Herrera uses Cheer Force’s special needs program as an example. “We used to provide free tuition for the kids [with special needs],” he explains. But it didn’t pay off: the kids didn’t take it seriously, and parents weren’t vested. There wasn’t the consequence of “wasting money or time,” Herrera reasons. Ultimately the kids dropped out.
But when Herrera made the decision to begin charging a low monthly $25 fee, something surprising happened: the parents didn’t resist and the kids started showing up. “It added value,” he says. “It was an epiphany: you don’t need to make it free to get kids to join your program.”
For Karen Potucek, co-owner and coach at Fairfield, NJ-based JuST Cheer All Stars, the topic of comping is complicated. “It’s a big issue,” she admits. “I don’t know how I feel about comping in general, but comping boys [versus girls] is not fair.” Potucek understands the need for male athletes but she empathizes with girls who could also use financial help. At 150 kids, her gym is on the smaller side, but “everyone pays,” she says.

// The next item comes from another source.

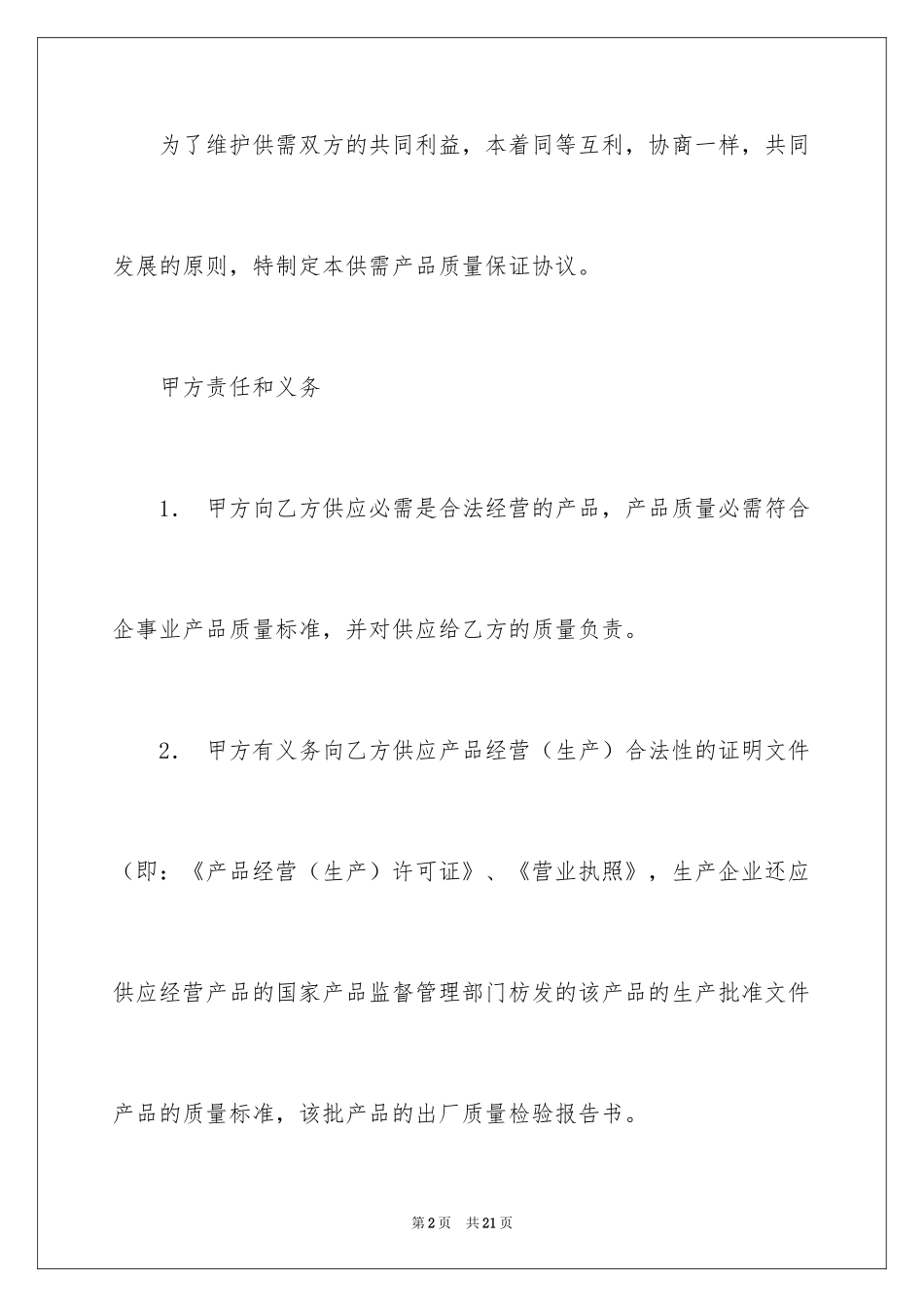 2024产品质量保证书_295_第2页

Similar to Potucek, Herrera also takes a hard stance on comping athletes, but he does believe in providing financial breaks to his membership in the way of incentives. “For our higher-level athletes, we offer a 50 percent discount in fees based on skills,” he says, meaning if an athlete can perform a complicated tumbling routine or move, they pay less tuition.
Amy Grey, director of Palm Desert, CA-based Desert Elite Mavericks Cheer, has a different take: she considers scholarships and comping necessary. “We don’t do it across the board,” she says. But when they do, it is typically based on one of two things: loyalty, in the case of financial hardship, or the team’s need to entice boys to join. “Male athletes are few and far between,” points out Grey.
While Desert Elite will cover operational costs, such as tuition, it doesn’t mean those athletes receiving scholarships get a free ride. “We will comp their tuition but they pay the hard costs,” Grey notes, referencing “hard costs” as non-tuition-related expenses like uniforms and travel.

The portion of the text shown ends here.